Laut Yvonne Feri seien viele Menschen unverschuldet in die Notsituation geraten. «Menschen wie du und ich.» Dem widerspricht Alex Baur; über 45 Prozent der Sozialhilfebezüger seien Ausländer.
Hugo Fasel betont, dass sich die Schweiz die Ausländer für Arbeiten in den untersten Einkommenskategorien wünsche. Doch mit diesen tiefen Löhnen könnten viele ihre Familien nicht finanzieren. «Man müsste diesen Leuten einen Lohn zahlen, von dem sie existieren können.»
Auch Alex Baur glaubt, dass viele Familien mehr Sozialhilfe erhalten als Lohn. «Die Tarife sind viel zu hoch.» Zusätzlich gebe es noch Zulagen – etwa für die Kinderkrippe.
Kosten gerechter verteilen
Thomas Müller ergänzt, dass die Sozialhilfe für Grundbedarf, Wohnungskosten und eine medizinische Grundversorgung reichen müsse.
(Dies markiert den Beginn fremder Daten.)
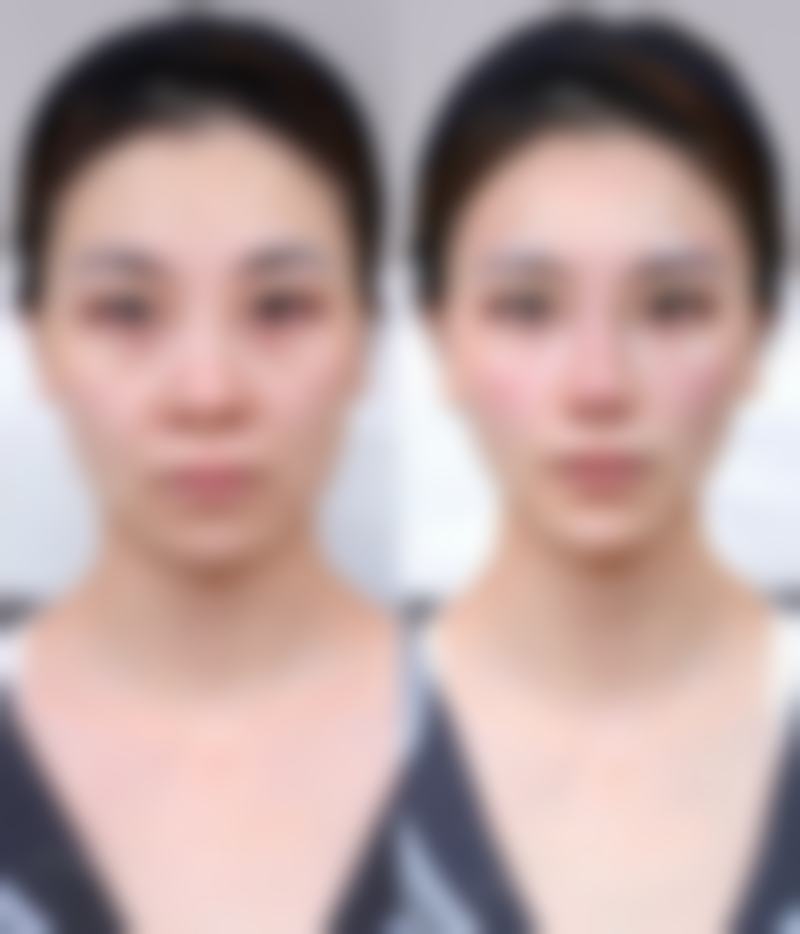 四、韩国真下知外科整形实例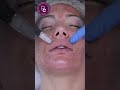 7 step skin needling treatment step by step procedure performance tutorial level 4 vtct course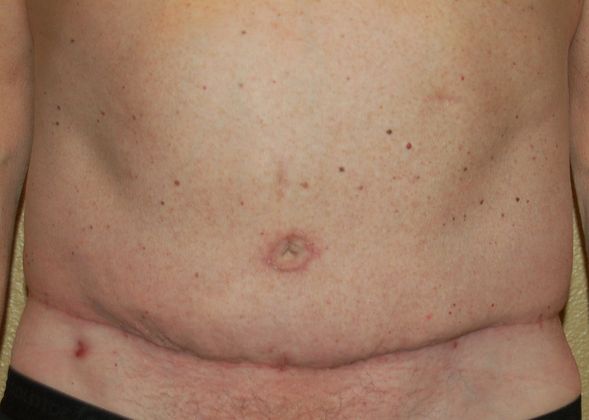 Massive Weight Loss  Case 46 - After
Die Skos-Richtlinien würden sich an den niedrigsten 10 Prozent der Schweizer Einkommensskala orientieren – «wir haben aber keine 10 Prozent Arme in der Schweiz.» So komme man mit dem System von Zuschlägen auf 5000 bis 6000 Franken pro Monat, die eine Familie zur Verfügung habe – steuerfrei.
Yvonne Feri verteidigt die Zuschläge, vor allem für Arbeitslose auf Stellensuche: «Damit eine Person vermittelbar ist, braucht sie einen Kinderbetreuungsplatz.» Dieser Platz könne unmöglich aus dem Grundbedarf gedeckt werden.
Statt die Gelder für die Sozialhilfebezüger zu senken, schlägt Yvonne Feri vor, nach einem System zu suchen, welches die Kosten gerechter verteilt. Hier ist sich die SP-Frau mit ihrem SVP-Kollegen einig. Thomas Müller sagt, auch im Kanton St. Gallen, wo bisher alleine die Gemeinden die Sozialhilfekosten tragen, sei ein sozialdemografischer Lastenausgleich geplant.
Verzicht auf Auto, Reisen, Kinobesuche
Die Lösung wäre gemäss alt Nationalrätin und Skos-Vertreterin Therese Frösch (Grüne/BE) ein Rahmengesetz auf Bundesebene.
Sicher ist: Wer in der Schweiz Sozialhilfe bezieht und keinen Missbrauch betreibt, hat am Ende des Monats nicht viel Geld auf der hohen Kante. Worauf würden die «Arena»-Teilnehmer verzichten, gerieten sie selbst in die Notsituation? Auf sein Auto, sagt Thomas Müller. Auf das Reisen, erklärt Axel Baur. Hugo Fasel würde keine Zeitungen mehr lesen. Ein Zeitungsabo liege nicht drin, meint er. Und Yvonne Feri glaubt, sie müsste bei ihren Sozialkontakten zurückschrauben: Zoobesuche, Kino oder ein Essen im Restaurant wären dann Luxus.